### Your task
No pictures belong in the copy. Restate the rest of the data exactly.

### Information supplied
****

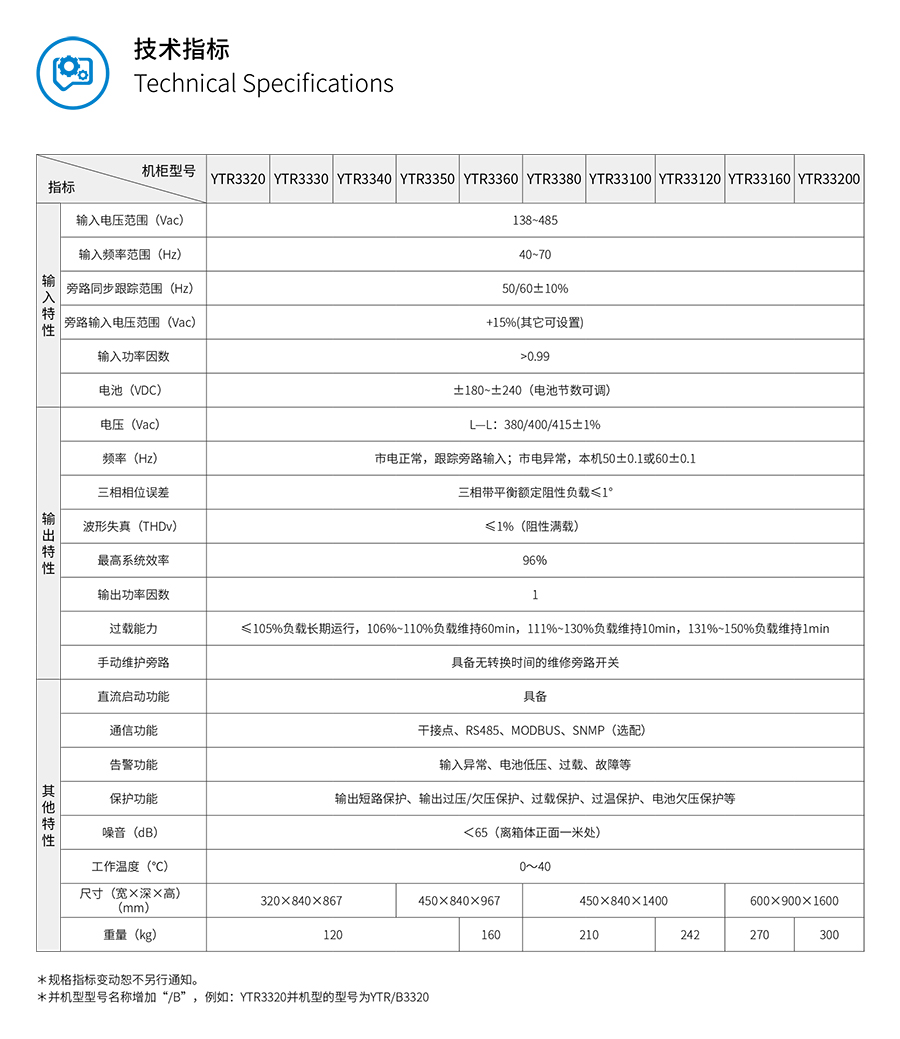 好博UPS YTR33系列（20--200KVA）立式(图5)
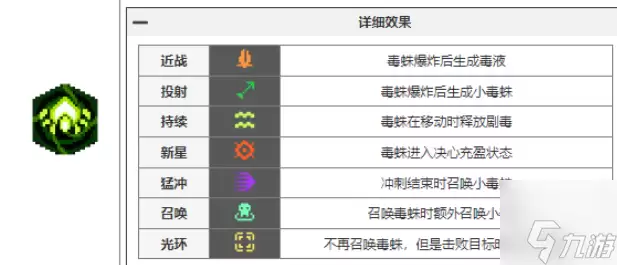 元气骑士前传瓦尔基里的祝福有哪些-瓦尔基里的祝福图鉴大全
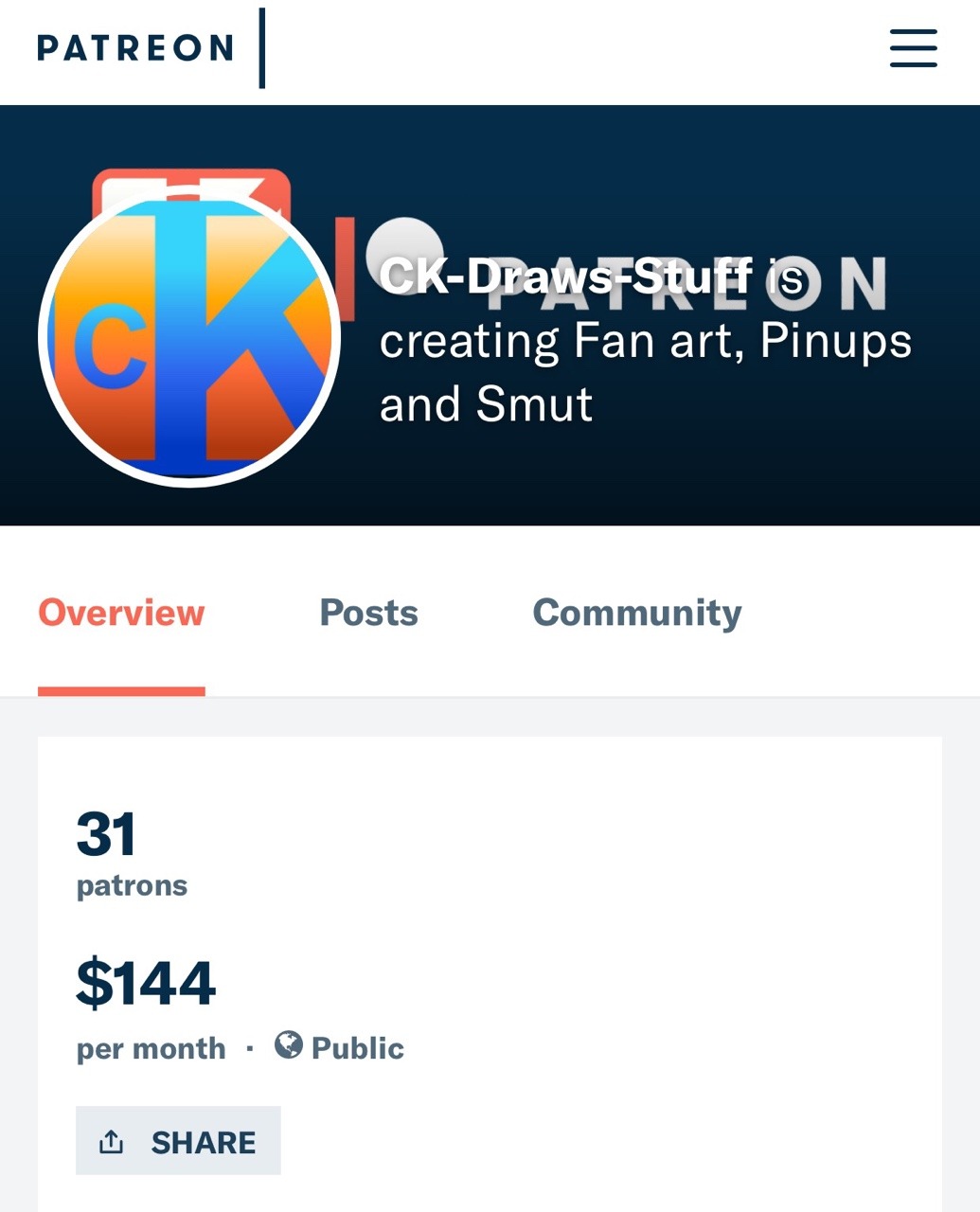 ck-blogs-stuff:As you guys might  notice, Ive received  40-something patrons down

****

### Answer to the problem
 好博UPS YTR33系列（20--200KVA）立式(图5)
 元气骑士前传瓦尔基里的祝福有哪些-瓦尔基里的祝福图鉴大全
 ck-blogs-stuff:As you guys might  notice, Ive received  40-something patrons down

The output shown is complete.